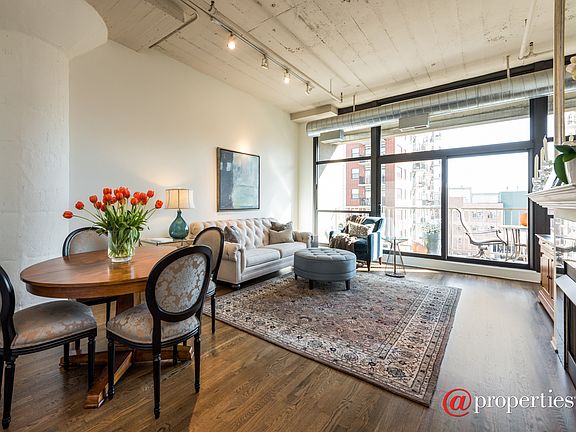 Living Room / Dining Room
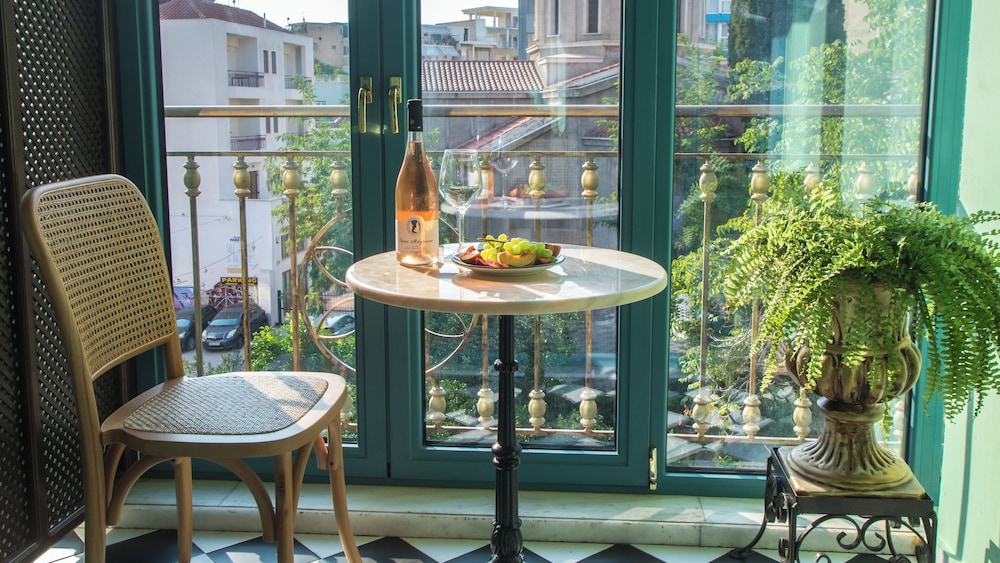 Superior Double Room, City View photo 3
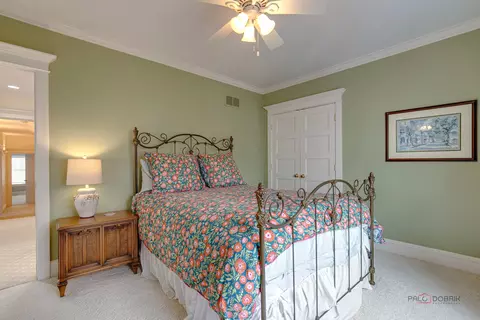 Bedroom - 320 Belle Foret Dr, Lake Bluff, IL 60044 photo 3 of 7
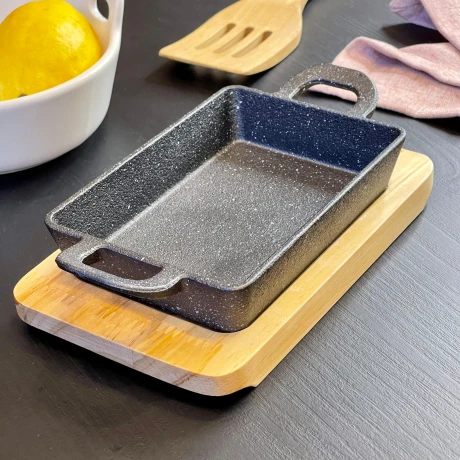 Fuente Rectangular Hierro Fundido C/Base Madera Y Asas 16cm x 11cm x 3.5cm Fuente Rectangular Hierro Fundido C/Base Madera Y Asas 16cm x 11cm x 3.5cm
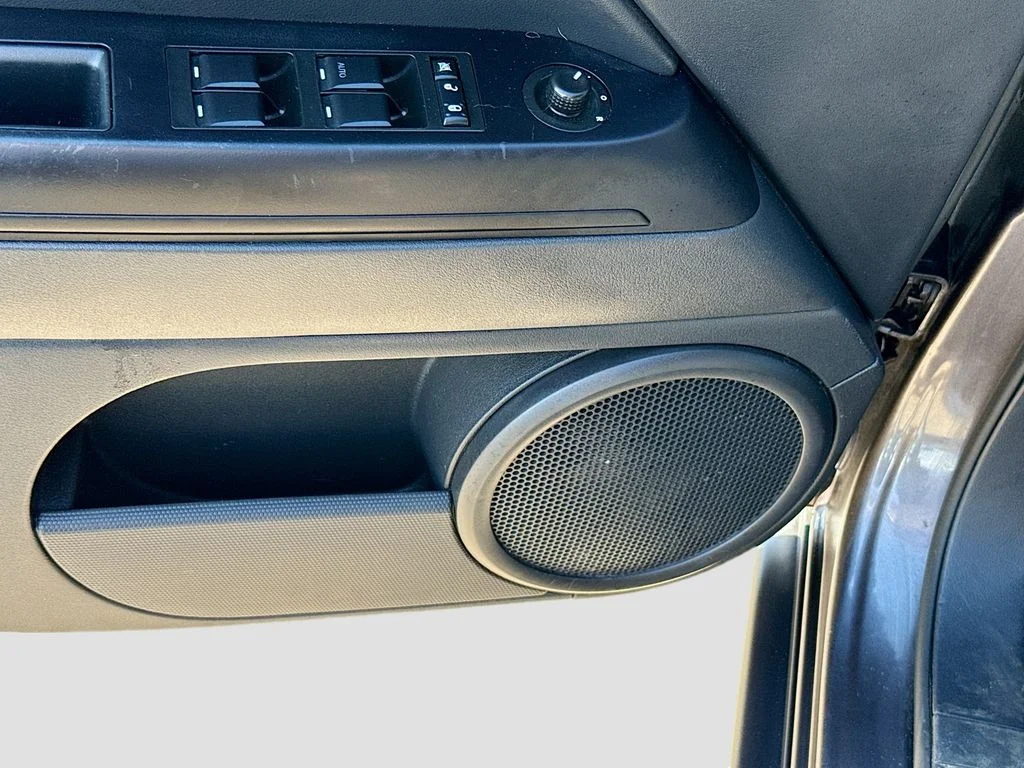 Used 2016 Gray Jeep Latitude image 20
———
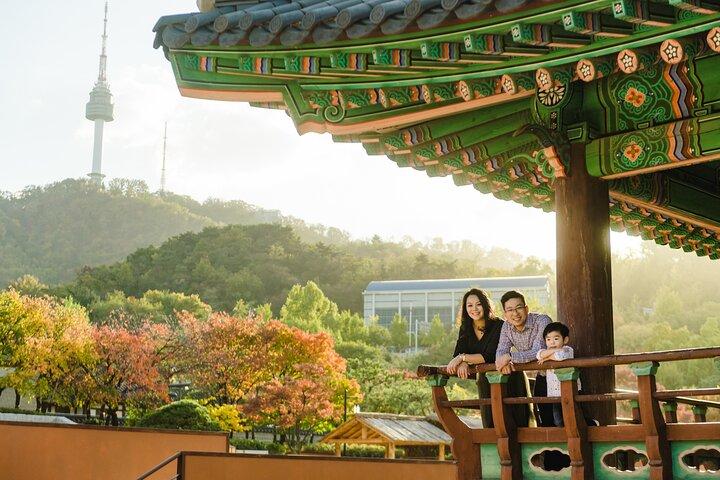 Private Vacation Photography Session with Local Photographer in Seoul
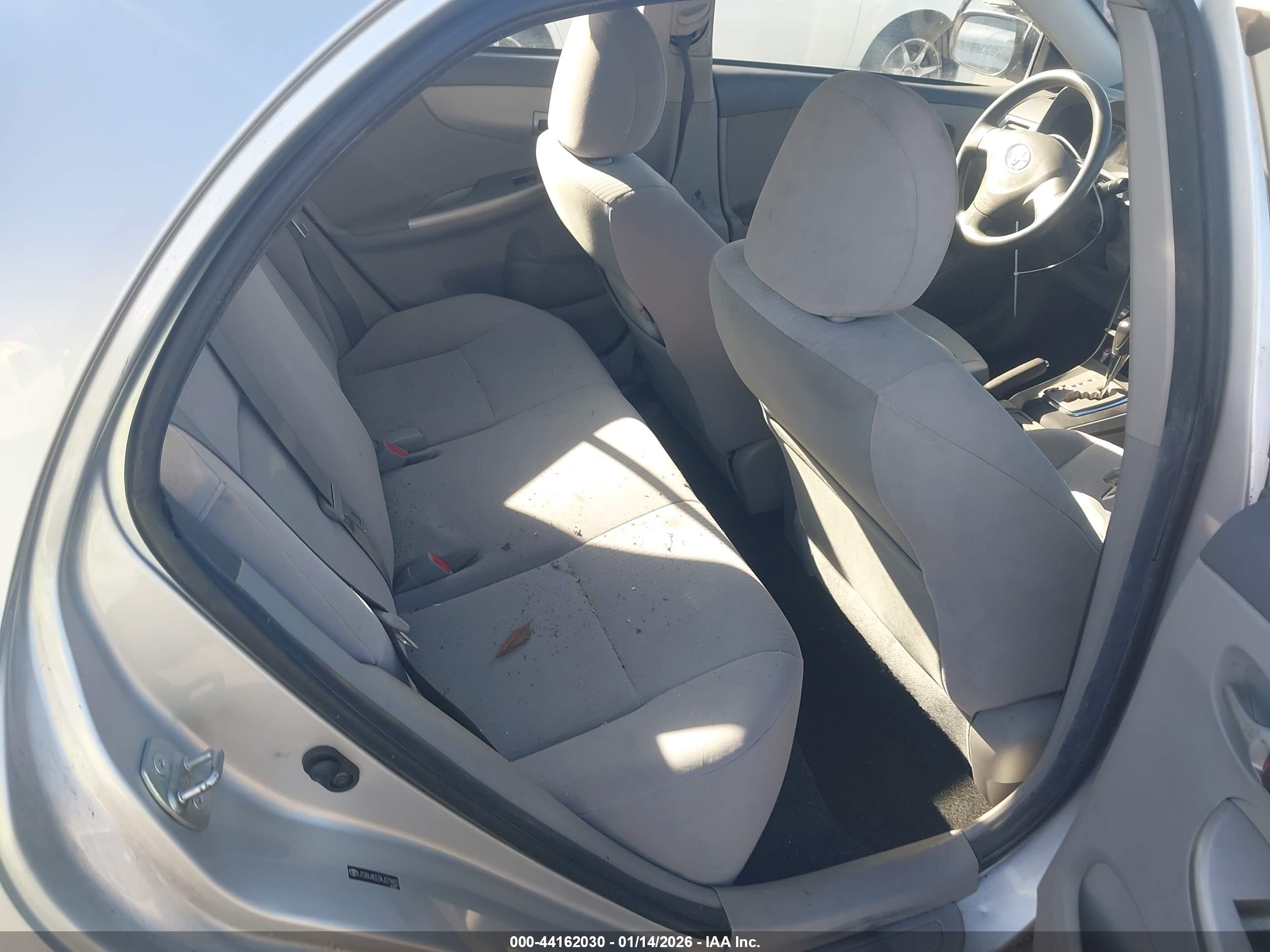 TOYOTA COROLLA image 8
———
Copy out exactly the material that runs from the line with "x 3.5cm Fuente" to the line with "Used 2016 Gray Jeep Latitude image 20", ends included, and leave the pictures behind.

 Fuente Rectangular Hierro Fundido C/Base Madera Y Asas 16cm x 11cm x 3.5cm Fuente Rectangular Hierro Fundido C/Base Madera Y Asas 16cm x 11cm x 3.5cm
 Used 2016 Gray Jeep Latitude image 20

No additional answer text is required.